Courtesy of YVKE Mundial, an anniversary that could have gone a whole lot better:

On the 190th anniversary of the independence of Honduras, former president and now co-ordinator of the Broad Front for Popular Resistance (FARP, in Spanish), Manuel Zelaya, called on Hondurans to fight for the true emancipation of the Central American country.

“We are not afraid, and we fight for the true independence of Honduras,” said the former leader, who was deposed in a coup d’état in June 2009.

Honduran independence was commemorated in two acts: one headed by current president Porfirio Lobo, and the other, in which groups forming part of the FARP, an organization born upon the return of Zelaya, gathered.

The former head of state said that in Honduras, there exist “oligarchic, bloodthirsty groups, who are governing outside of the authorities of the State”, such that they “are discomposing the situation, and attacking the stability of Honduras”.

Zelaya said that those sectors want to destroy the resistance, which sprang up after the coup d’état.
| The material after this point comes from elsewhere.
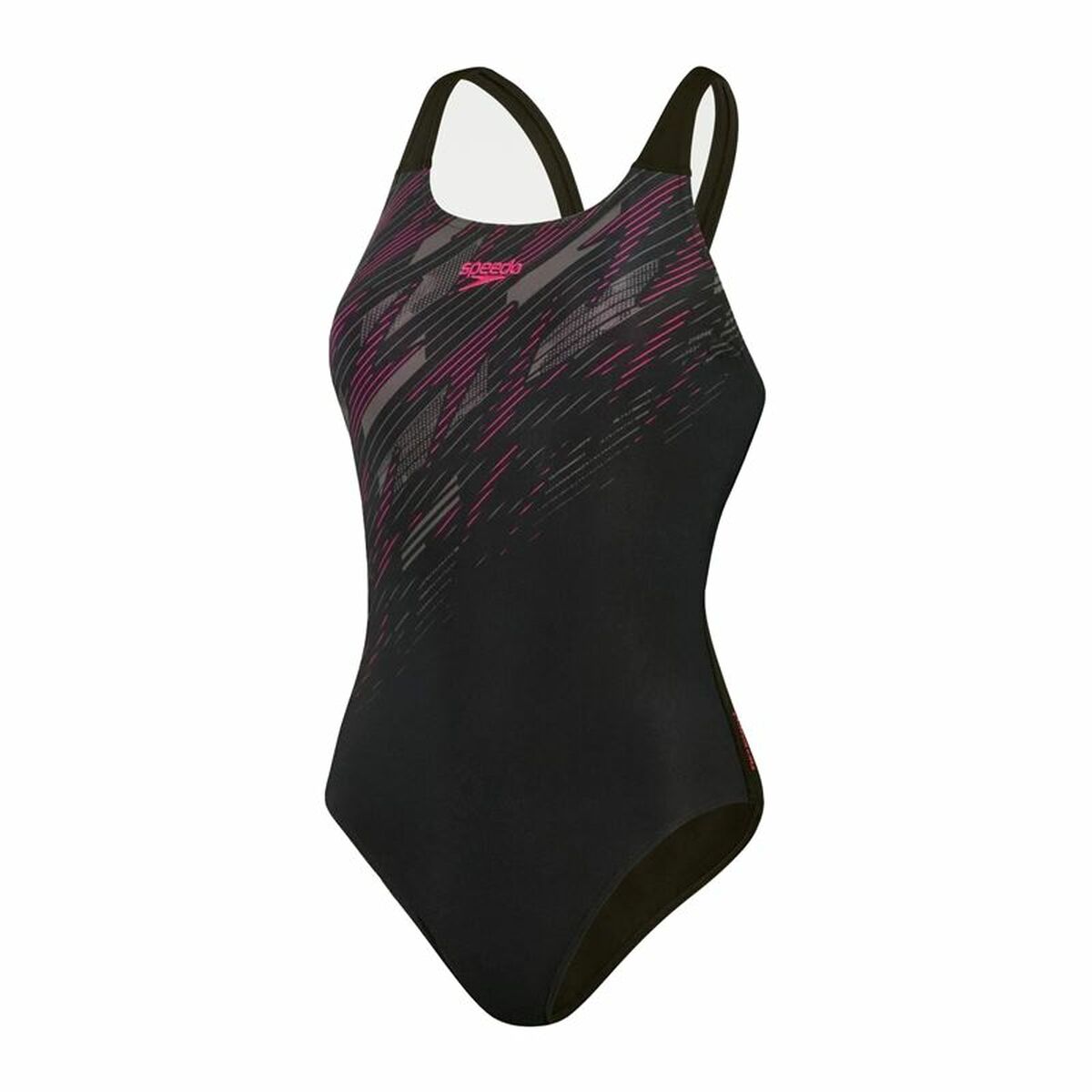 Baddräkt Dam Speedo Hyperboom Placement  Svart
The leader pointed out that the oligarchy rejects democracy and seeks more “persecution, violence and disappearances, as in the decade of the 1980s”, when Honduras lived through a profound internal confllict.

For that reason, Zelaya called on Hondurans to “denounce and fight them in every battlefield where can, because we are all at risk”.

The FARP demands an end to the assassinations of its followers, and that the authors of those crimes be brought to justice, along with a Constituent Assembly, respect for human rights, and punishment for all the material and intellectual authors of the coup d’état.

Ever since the civilian-military dictatorship, headed by businessman Roberto Micheletti, took power in June 2009, internal repression has been growing in Honduras.

Following the campaign that brought Lobo to the presidency in 2010, the situation has not changed, and dozens of members of the FARP, along with campesinos, have been killed, but no guilty persons have been caught.

For his part, the current president led independence-day ceremonies in the presidential palace, where he stated that the solutions to “common problems” of the Central American peoples, “must be common” as well.

Translation mine.

I wonder: Just what does Pepe Lobo consider a “common solution” to the “common problem” of history repeating itself in Central America? The reason I ask, you see, is that there’s an elephant in the living room of the Honduran presidential palace:

That elephant has been there many times before, and under many names. But it has always been the same elephant.

And if you think I’m joking (or nuts), this elephant is well documented. The coup could not have taken place without help from Washington, and high up in Washington at that. As high as the State Department, and that’s no joke.

What IS a joke, and a dirty one, is the notion that Honduras is “free” now. Or that it ever has been.